The town Onyesonwu lives in is far removed from the realities of the slow burning civil war that her mother fled, but as the novel progresses it comes closer. It also becomes that the driving force behind the genocide of the Okeke is her own father. And with Onyesonwu’s becoming a woman and growning mastery of her sorcery, she comes to his attention, seemingly setting things up for a familiar quest story, in which Onyesonwu has to defeat her father and overcome the racial and tribal perjudices of both her peoples.

Though this is what more or less happens, it doesn’t quite fit the mold though. Onyesonwu often is more pawn than hero and never escapes the fate that she sees in her initiation rite when the local sorceror master finally takes her as his pupil. At which point it also becomes clear to the reader, if it hadn’t already, that she’s narrating the story shortly before she will be killed by stoning. She’s at peace with this, as the same vision also revealed that her death would change everything for the Nuru, Okeke and Ewu.

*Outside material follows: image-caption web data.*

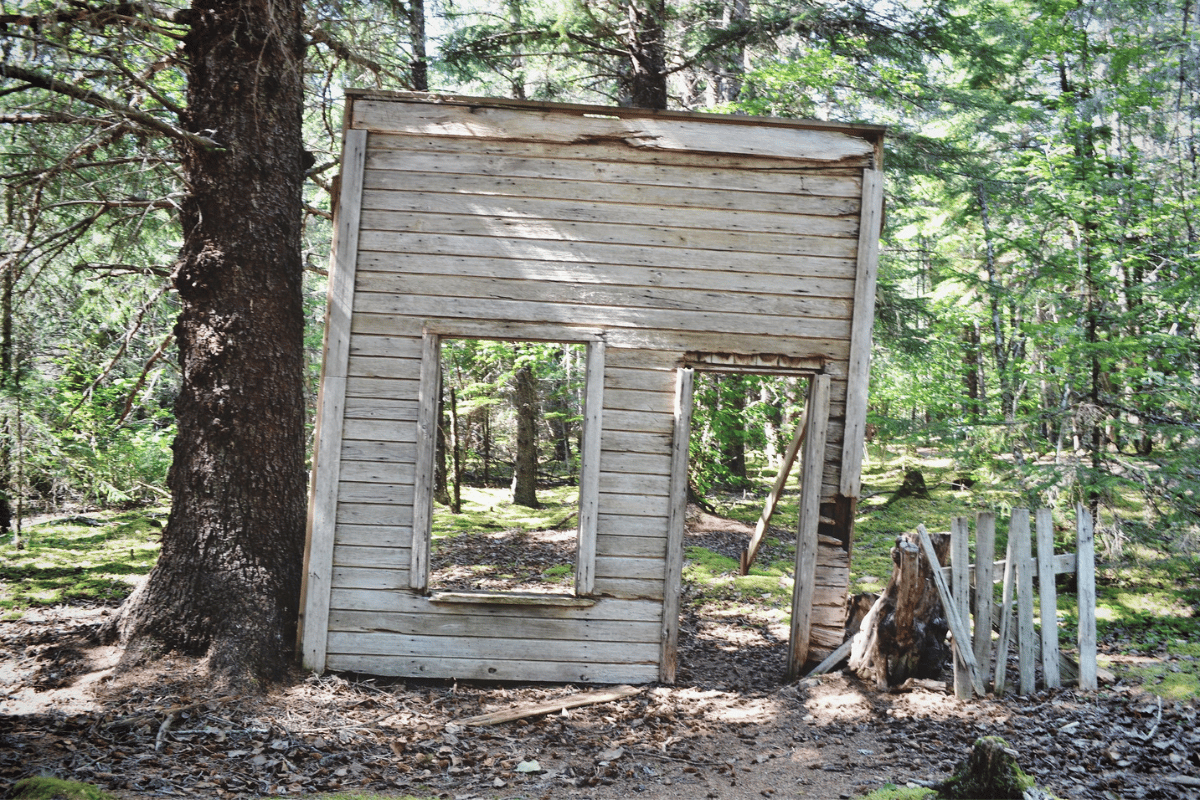 12 Ghost Towns In Alaska You May Have Never Heard Of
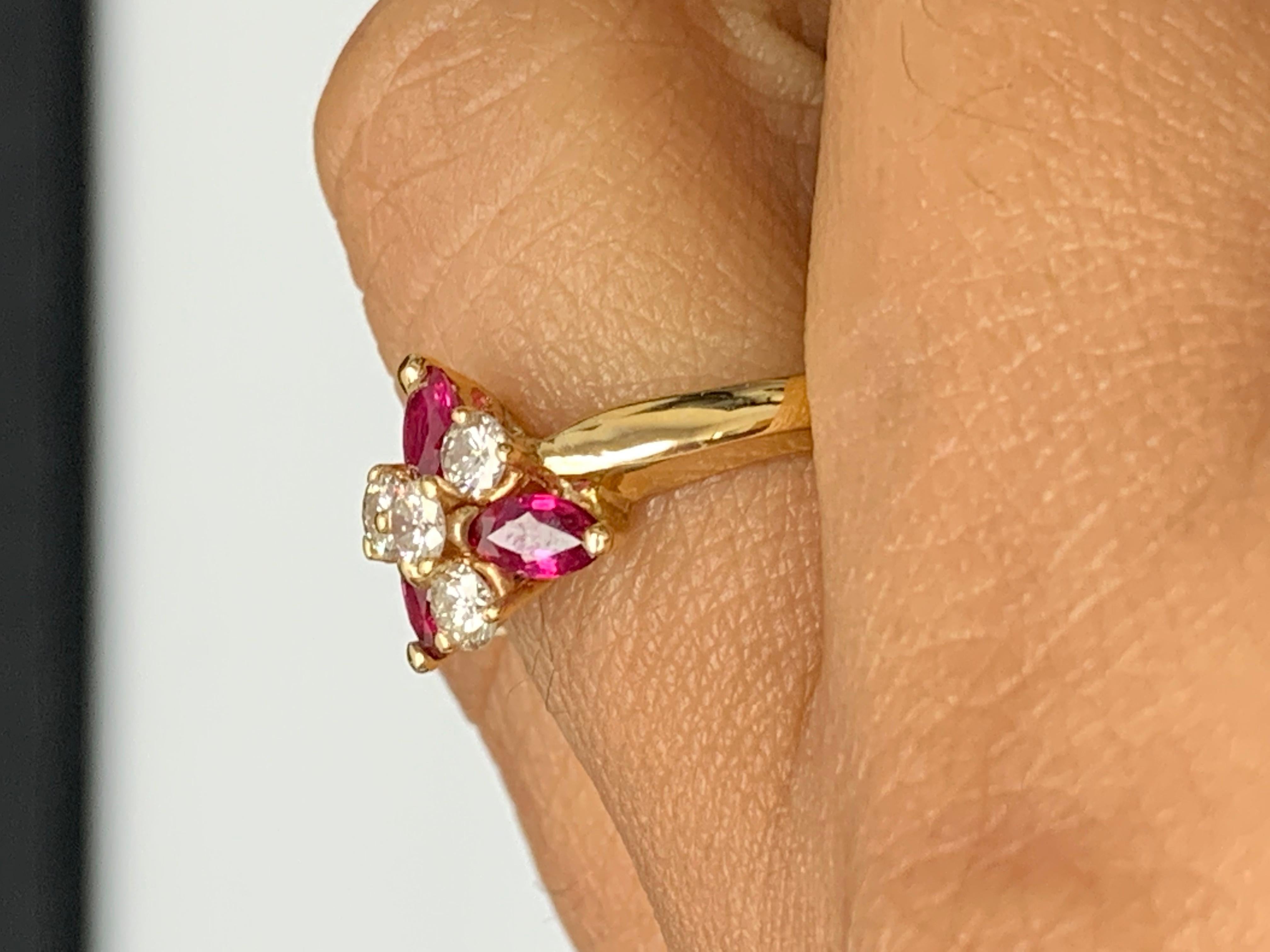 Anillo de oro amarillo de 14 quilates con diamantes y rubí talla brillante de 0,39 quilates en Nuevo estado para la venta en NEW YORK, NY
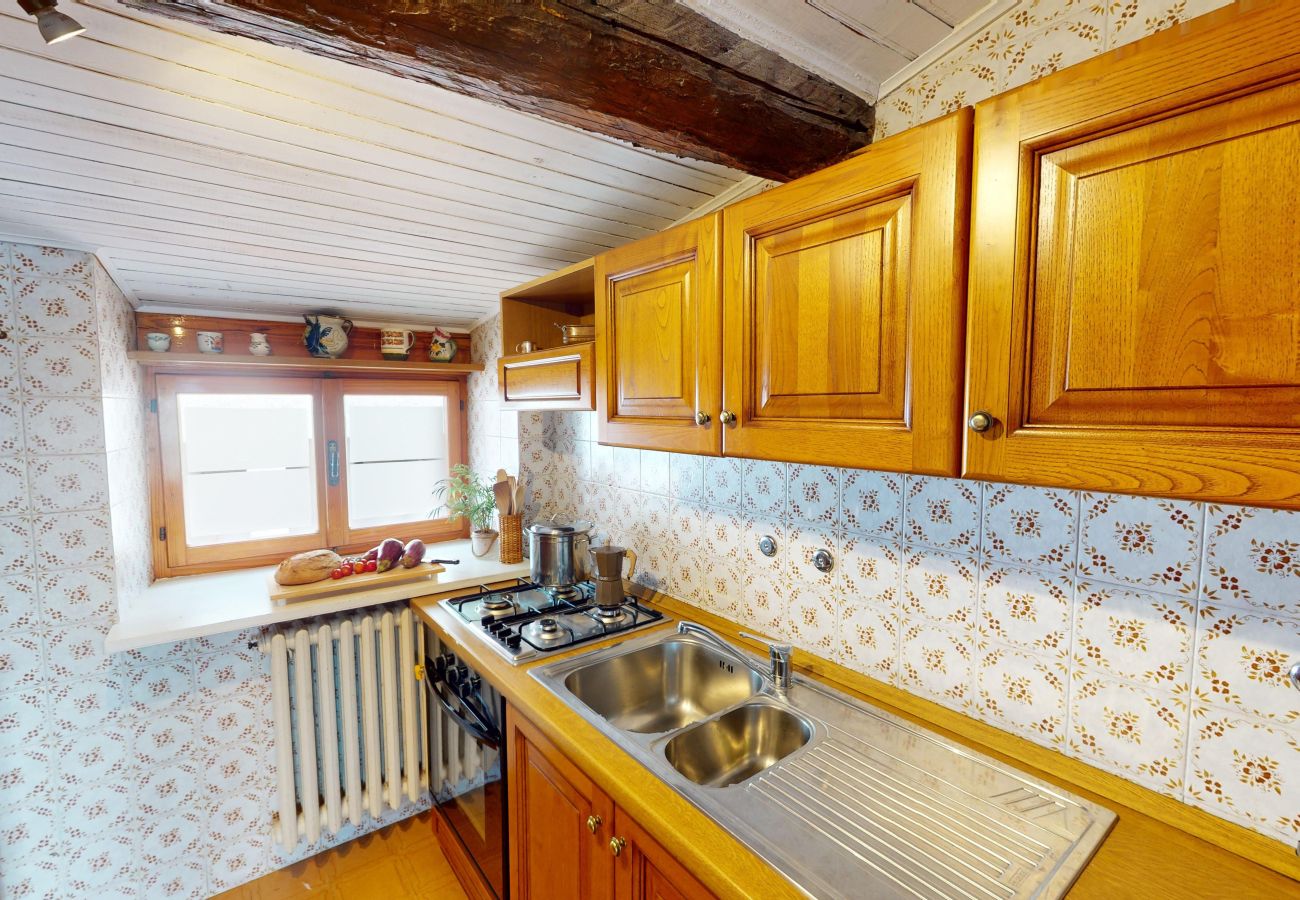 Apartment in Salò - Casale Massina ATTICO AGATA By Bookinggardalake Apartment in Salò - Casale Massina ATTICO AGATA By Bookinggardalake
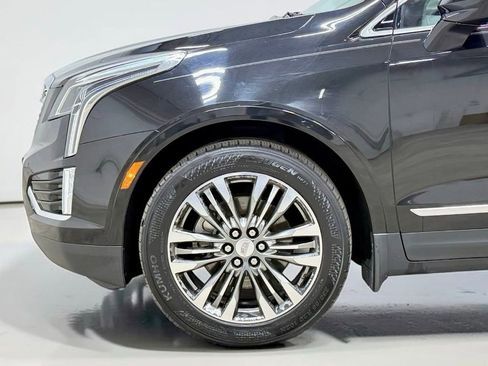 Used 2017 Cadillac XT5 Premium Luxury AWD/4WD image 19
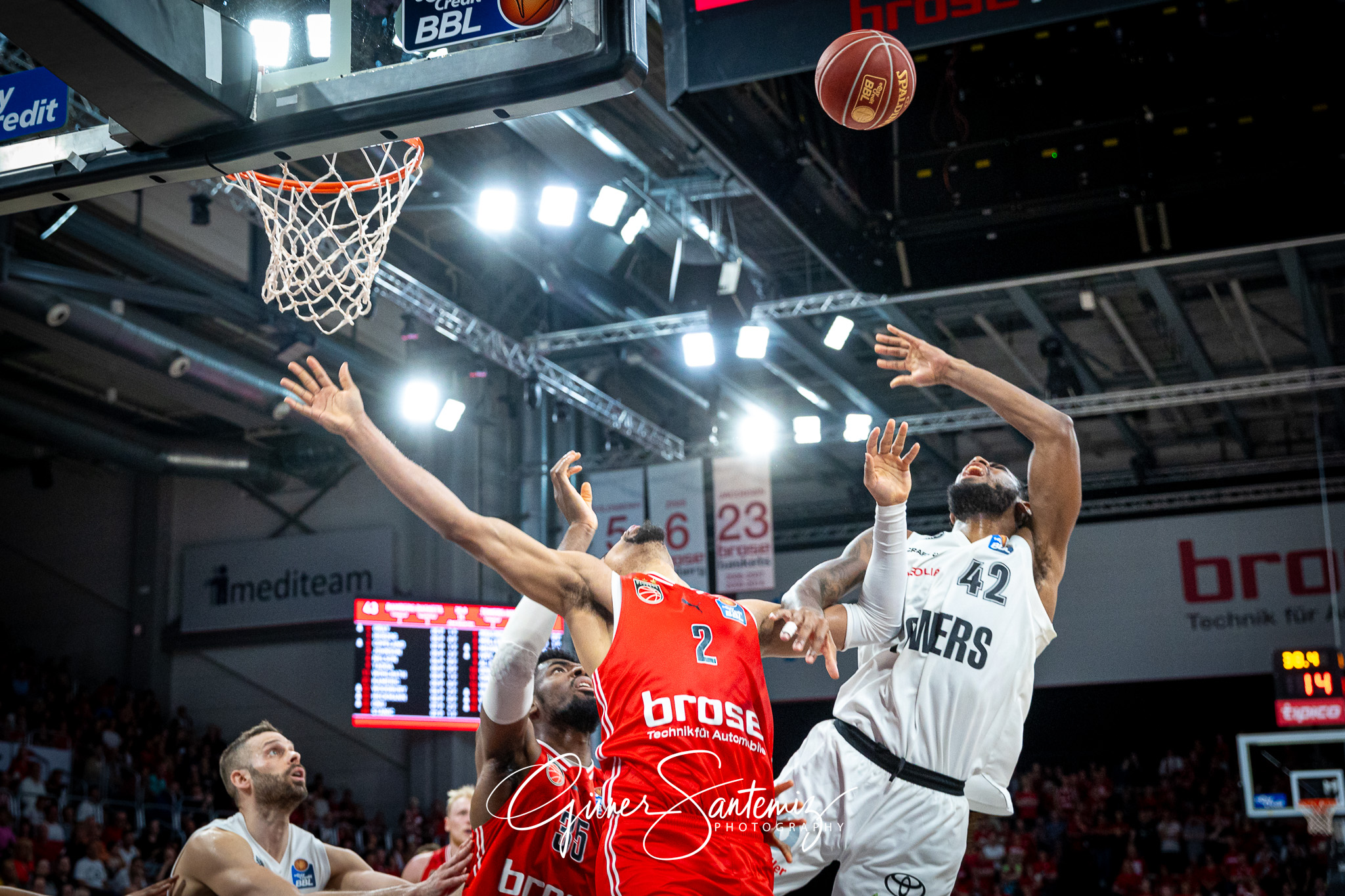 Bamberg Baskets vs. Veolia Hamburg Towers - Basketball - easyCre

But what really sets Onyesonwu apart from a Luke Skywalker say, is that once in full possession of her powers, she’s as destructive and vindictive as her father. When her friend is killed in one town, she blinds the inhabitants. Worse she inflicts on the Nuru capital, through killing every Nuru male in it, whil impregnating every Nuru female, avenging what was done to her mother a million fold.

This isn’t really the sort of behaviour we expect from our science fiction or fantasy heros. Sure, genocide is always the first option space opera protagonists reach for when things get difficult, but it’s supposed to be done rationally, not so emotionally as this. It also makes a mockery of the elegant structure of the prophecy she’s supposedly enacting, as her actions have already changed the world, her death just a coda.

And all through this I kept wondering why it felt so African to me when it was only on the very last page it was revealed it was indeed set in Sudan. Granted, the genocide and civil war reminded me of the South Sudan and Ruanda, but it could’ve just as well been Bosnia twenty years ago. Perhaps it was that curious mixture of what seemed like superstition mixed with actual sorcery embedded in a society that seemed organised on the village level, where high technology like computer tablets do exist, but seem external to village life. Maybe Who Fears Death is just deliberately designed to feed on our prejudices and stereotypes of “Africa”.

This wasn’t an easy novel to read, much more so than Lagoon was. I”m not sure it entirely succeeded in what it set out to to, or even what that was. If you’re new to Okorafor’s writing, perhaps Lagoon would be a better start.